2007-02-10 03:26:29 PM  
I dont listen to mainstream music.

Metallica sucks.


//right now Im listening to shoutcast.com,its streaming audio from anyone in the world.your crappy local band could be on here too,for free,live to the entire world.but go ahead and blame everyother entity in the world for your band sucking and not "making it"*

//listening to hbr1.com
\\\DJ Rafadelic

*that implies to get rich and fork groupies,which is NOT the purpose of art
 
2007-02-10 03:28:08 PM  
HBR1.com which I found off of shoutcast.com


corparate music sucks

//like a damn soup can painting
 
2007-02-10 04:28:42 PM  
Here's a better analogy.

Joe Writer spends three years getting his novel written. It takes him 6 months to land an agent, plus another six months getting a publisher. The book comes out nine monhs later.

Joe gets an advance, plus royalties for every copy sold over the advance. He does Ok. However, every time someone checks Joe's book out of the library, lends it to a friend, or sells it at a yard sale, he gets nothing.

None of the advance or royalties goes into a fund to be paid out to writers. When you have a writer talk at the library, none of his pay goes into a fund, either. The publishing industry doesn't subsidise 'local writers' or anyone who isn't actively writing for them.

Yet somehow writers continue to write.

Why can't the music industry do the same? Why should someone get paid every time a song gets air play?
 
2007-02-10 04:36:35 PM  
mars22: your local bands always suck. anyone trying to "make it" as a band sucks.

Actually, no.

art is NOT to be used to make money

That's pretty funny, right there.
 
2007-02-10 04:49:01 PM  
US Music Industry:

READ CAREFULLY. By [reading this] you agree, on behalf of your employer, to release me from all obligations and waivers arising from any and all NON-NEGOTIATED agreements, licenses, terms-of-service, shrinkwrap, clickwrap, browsewrap, confidentiality, non-disclosure, non-compete and acceptable use policies ("BOGUS AGREEMENTS") that I have entered into with your employer, its partners, licensors, agents and assigns, in perpetuity, without prejudice to my ongoing rights and privileges. You further represent that you have the authority to release me from any BOGUS AGREEMENTS on behalf of your employer.
 
2007-02-10 04:50:44 PM  
NYC 50's fan: Conceivably, a hall owner or bar owner, would have to pay copyright royalties to ASCAP, if ASCAP discovers that there is copyrighted live music being performed.

But if a bar has no music playing should they have to pay ASCAP?

This levy is charging because it MIGHT have some illegal files on it, not that it DOES - quite the difference. What is next giving a guy who buys a corvette $2000 in speeding tickets because he now has the ability to speed in that car?

If your using Podcasts for music, you should have to pay.

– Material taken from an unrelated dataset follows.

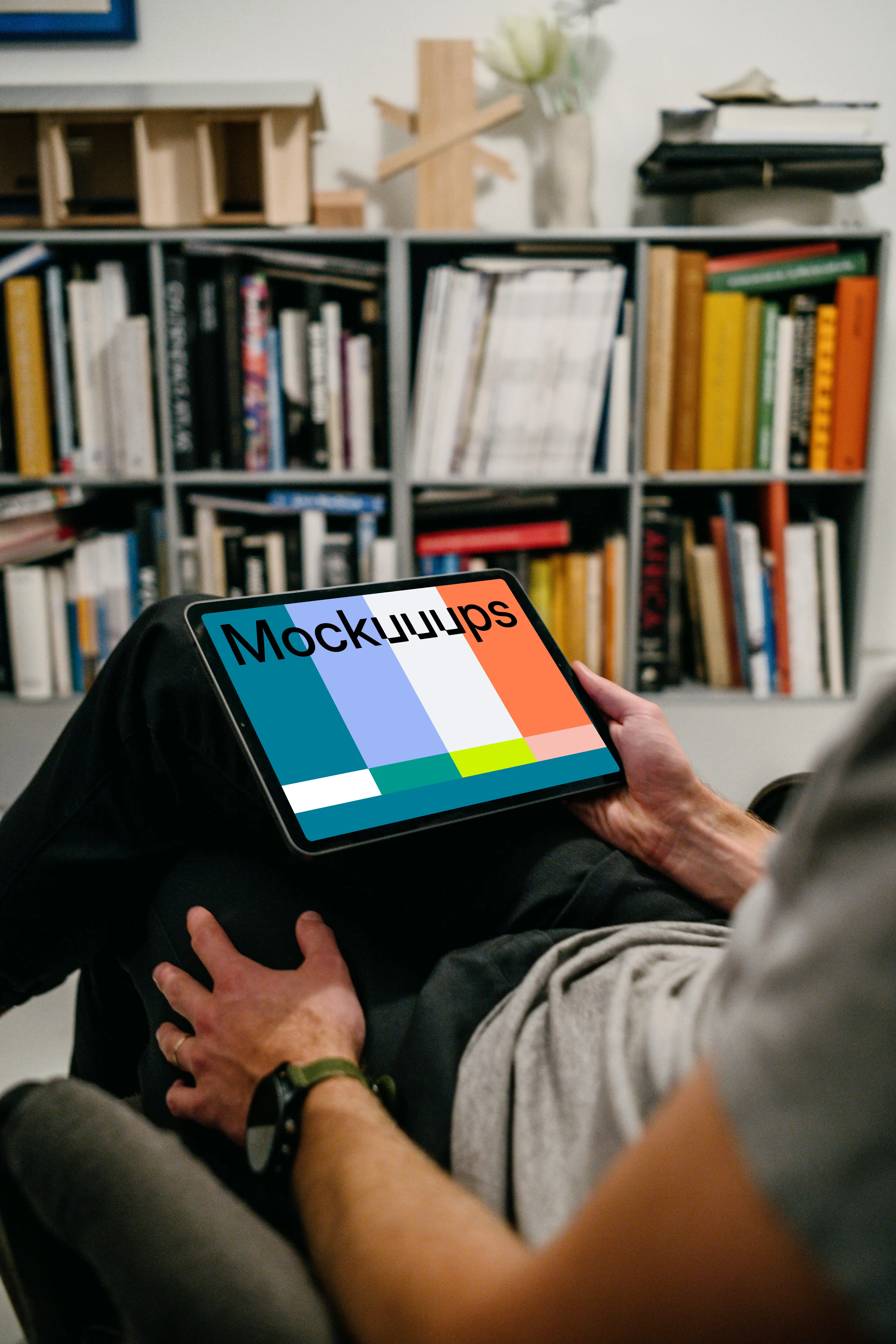 iPad Air mockup on a user’s lap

I don't fully buy that - if I am doing a podcast that is music reviews I am essentially advertising that artists material - and since the recording industry has no idea how to license podcasts they are simply missing out (and usually the podcast audio quality is FM quality or less - not worth paying for)
Also their is lots of 'podsafe' music out there....and my last downloads I have bought have been from hearing the artist on a podcast or youtube
 
2007-02-10 04:56:39 PM  
Stompn_Tom: This levy is charging because it MIGHT have some illegal files on it, not that it DOES

Agreed. It assumes the consumer is guilty of something, or is at least liable for damages that may have been incurred. Sony did the same thing with their damned rootkit, and look where that got them.
 
2007-02-10 05:34:04 PM  
FTFA:
When you go and buy an iPod, the retailer gets paid. So you can't say that the people who make the music should get a free ride.


Retailers get paid because they aren't selling iPods for the fun of it. They have costs associated with actual product sales. That's why they get paid.

Exactly what part of the iPod did the musicians design? Nothing? Then explain to me exactly why do they deserve a fee for the iPod itself? If there are royalty issues, apply it to the cost of the music. That's fair. But the iPod, or any MP3 player, shouldn't have royalty fees associated with them.

You could easily buy the iPod and only use the games or extras, or use it as an external hard drive. They need to stop trying to squeeze pennies from everything.
 
2007-02-10 06:18:22 PM  
mars22: I dont listen to mainstream music.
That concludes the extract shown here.